(Data records)

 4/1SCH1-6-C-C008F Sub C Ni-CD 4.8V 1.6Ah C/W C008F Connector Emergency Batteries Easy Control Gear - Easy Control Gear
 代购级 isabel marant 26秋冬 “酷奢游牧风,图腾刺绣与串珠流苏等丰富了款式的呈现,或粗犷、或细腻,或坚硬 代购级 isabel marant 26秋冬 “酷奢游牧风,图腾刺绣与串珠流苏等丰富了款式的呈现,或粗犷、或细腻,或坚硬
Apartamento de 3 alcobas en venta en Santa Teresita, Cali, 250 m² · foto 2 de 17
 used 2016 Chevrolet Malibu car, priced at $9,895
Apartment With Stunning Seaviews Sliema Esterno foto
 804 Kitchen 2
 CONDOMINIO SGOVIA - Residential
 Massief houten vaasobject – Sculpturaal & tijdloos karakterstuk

(End Data records)

• [Work to be completed] Only the line containing "Apartment With Stunning" and the lines after it, through the end of the data, should be copied, exactly as they are.

• [Exercise answer]
Apartment With Stunning Seaviews Sliema Esterno foto
 804 Kitchen 2
 CONDOMINIO SGOVIA - Residential
 Massief houten vaasobject – Sculpturaal & tijdloos karakterstuk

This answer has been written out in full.